Headache in children

Headache in children web page

Headache in children could be a cause for concern

Does your child say, “Mommy I don’t want to go to school today, my head hurts?”

Does your child get crankier by the end of the day?

Does your child find it difficult to sleep at night?

If the answer is YES to the above questions, then watch out! Your child could be dealing with a “HEADACHE”.

Headache is a very common disorder in children and is also one of the reasons for frequent absenteeism from school. At times, it is difficult to understand the seriousness of this condition. Very often a headache can just pass off with some rest. Sometimes, though, headaches are a problem and a cause for parental anxiety, especially if it causes a child to wake up from sleep in the middle of the night. Headache can lead to impairment of the psychosocial functioning of the child as well as his family members and therefore it is very important to address this at the right time.
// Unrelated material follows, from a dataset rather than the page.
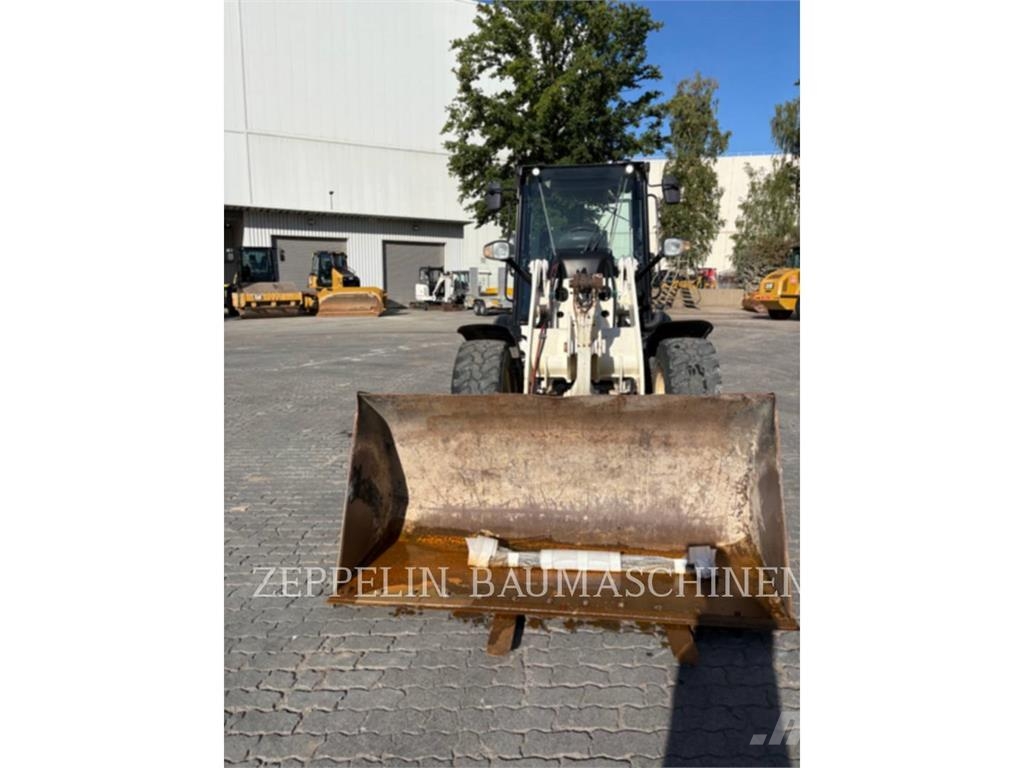 CAT 908M Iekrāvēji uz riteņiem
Possible causes for a headache include:

  • Vision problems – Your child could be having difficulty in seeing distant objects clearly due to uncorrected spectacle power. This could cause your child to squint his/her eyes in order to see better or hold objects very close to the eyes. Your child could also have binocular vision anomalies.
  • Eye strain – Due to excessive use of digital screens on devices such as computers, tablets, i- pads, mobile phones, and video games.
  • Illness – Such as a fever, sore throat, or frequent colds.
  • Stress – Related to exam pressure.
  • Poor habits – Inadequate sleep, poor intake of fluids or nutrition.
  • Neurological – Such as an underlying serious neurological problem associated with severe headache, vomiting, or loss of vision. This could warrant immediate medical attention.
  • Family history – A child is more likely to suffer from headaches if a parent gets them as well.
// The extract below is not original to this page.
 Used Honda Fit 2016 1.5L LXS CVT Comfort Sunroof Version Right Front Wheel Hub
Headaches which are accompanied by certain other symptoms can be a sign of a more serious problem and require a little more investigation. Consult a doctor right away if your child experiences any of these symptoms along with a headache:

  • Loss of vision
  • Vomiting
  • Muscle weakness
  • Waking up in the morning or the middle of the night from a headache

As a parent, how can you deal with your child’s headache?
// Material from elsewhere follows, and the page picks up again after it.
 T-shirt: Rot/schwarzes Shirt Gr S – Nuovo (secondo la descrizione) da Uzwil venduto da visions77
  • Don’t ignore your child’s complaints of a headache
  • A detailed eye evaluation by a trained pediatric ophthalmologist could help to rule out any refractive error or binocular vision anomalies. Spectacles or vision therapy may be recommended to treat any vision problems.
  • Limit the usage of screen devices and ensure your child follows the 20-20 20 rule (Every 20 minutes, look at an object 20 feet away, for 20 seconds)
  • Healthy habits – Encourage your child to get good sleep, eat healthy meals, drink adequate water, and stay active physically.
  • Lifestyle modifications -Relaxation techniques like deep breathing, yoga and meditation could help to release the tension in the neck and eye muscles.
  • Behavioural therapy – With a counselor to manage stress and cope with life events.
  • Consult a pediatrician or a neurologist – If the headache gets worse and becomes frequent. They may recommend medication or other investigations to rule out any problems in the brain.